Carlton County loses in judge selection
The final list of candidates for the replacement of retiring Carlton County Judge Dale Wolf has been finalized and the vote is in. A Carlton County attorney is not on the governor's list to replace him.
When a sitting judge retires or dies, the sitting governor, who is now Gov. Mark Dayton, is able to appoint a replacement to hold that position until the next election. A DFL governor has not made an appointment in the Sixth Judicial District for over 20 years. The last was made by Gov. Rudy Perpich. All voters of the Sixth Judicial District vote at election time on the judges, and incumbent judges are generally re-elected.
The governor has a committee made up of judges and appointees from the public throughout the state who receive applications for interested attorneys and interview candidates. A position is open in the Duluth courthouse and one in the Carlton courthouse at this time. Traditionally, interested candidates are screened and three to five candidates for each position are forwarded to the governor for his selection.

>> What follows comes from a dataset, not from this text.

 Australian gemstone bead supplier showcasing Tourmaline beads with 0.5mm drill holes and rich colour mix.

Three candidates who were attorneys from Carlton County and worked regularly on cases at the Carlton courthouse applied, but only one, Frank Yetka, was interviewed. A list was compiled of only four names to be forwarded to the governor for the two judge seats and all the candidates were Duluth attorneys, three women and one man. The Duluth attorneys are: Leslie Beiers, Jill Eikenwall Cornwall, Theresa Neo and Nate Stumme.

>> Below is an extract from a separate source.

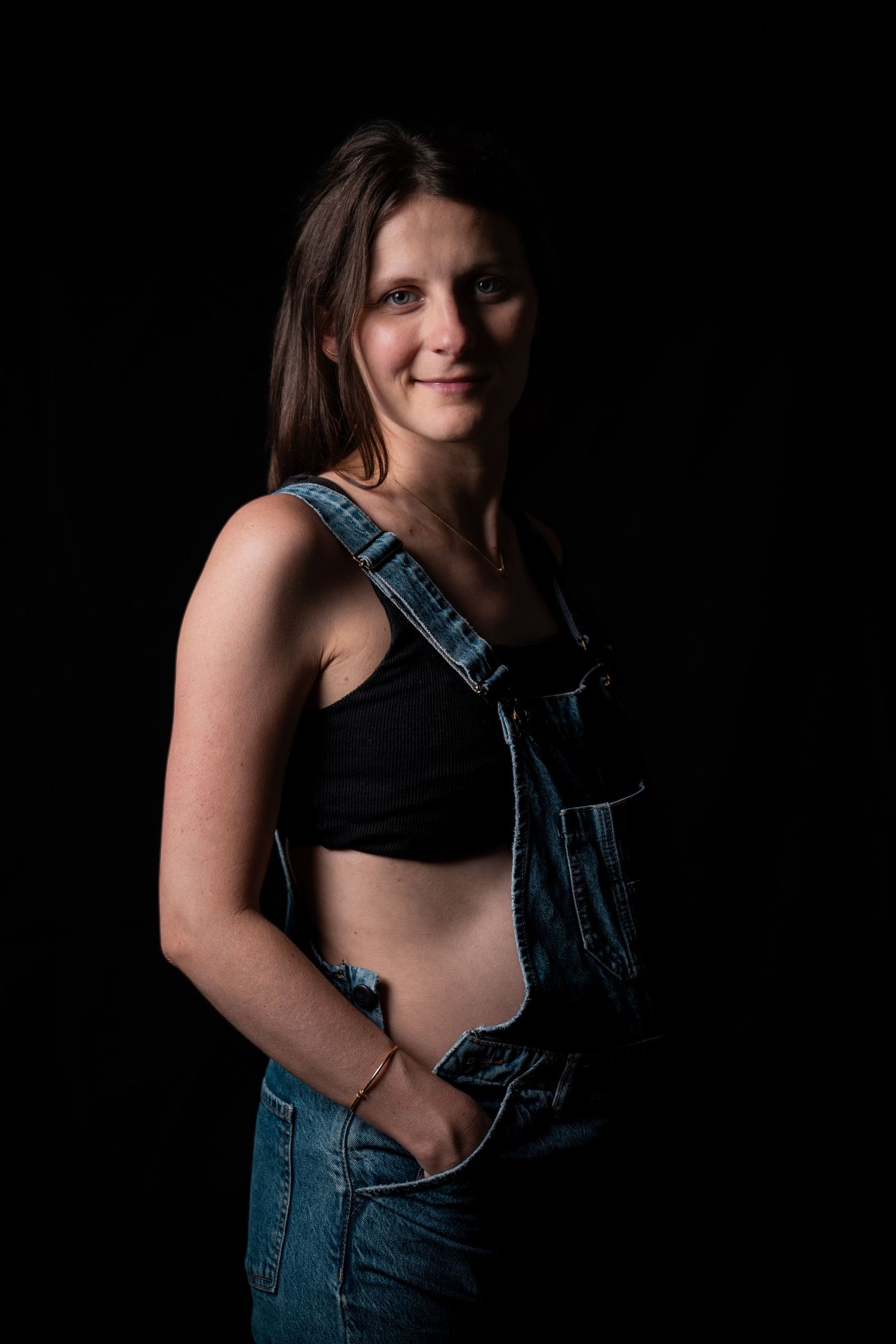 Smiling pregnant woman in denim overalls and black crop top posing confidently against a black background.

Carlton County courts have a backlog of cases which many say is because there is a caseload for 2.8 judges but only two judges preside there. Periodically, Judge Shaun Floerke, head of the Sixth Judicial District, has assigned an extra judge to help out. Generally, the courthouse remains under-staffed compared to the Duluth courts.
Carlton County Chairman Dick Brenner, when called, said, "This, I think, is a big injustice to Carlton County residents. We have a highly qualified attorney in Frank Yetka who applied for the Carlton County judgeship. This selection is going against the traditional way judges have been chosen. There is talk Gov. Dayton has wanted to appoint some women for these positions and we had a woman apply. I am very unhappy about this."
It can be noted that for some time discussion has been held among the sitting judges that there needs to be an overhaul of the courthouse system. Several of the sitting judges are appointees of Republican governors and have been selected from attorneys experienced as prosecutors. Regional court hubs in large population areas have been discussed.
"It is a shame," commented Patty Murto, former director of the Volunteer Attorney Program for Northeast Minnesota. "We have several ideal Carlton County attorneys that could have been picked. I worry that this will hurt the pool of practicing attorneys in our more rural communities because they will not be considered for a judicial appointment. It appears a Duluth attorney will only be considered for our area."
Several local residents are writing to the governor and are encouraging others to do so also. The governor does not have to pick his choices from the committee's recommended list of four.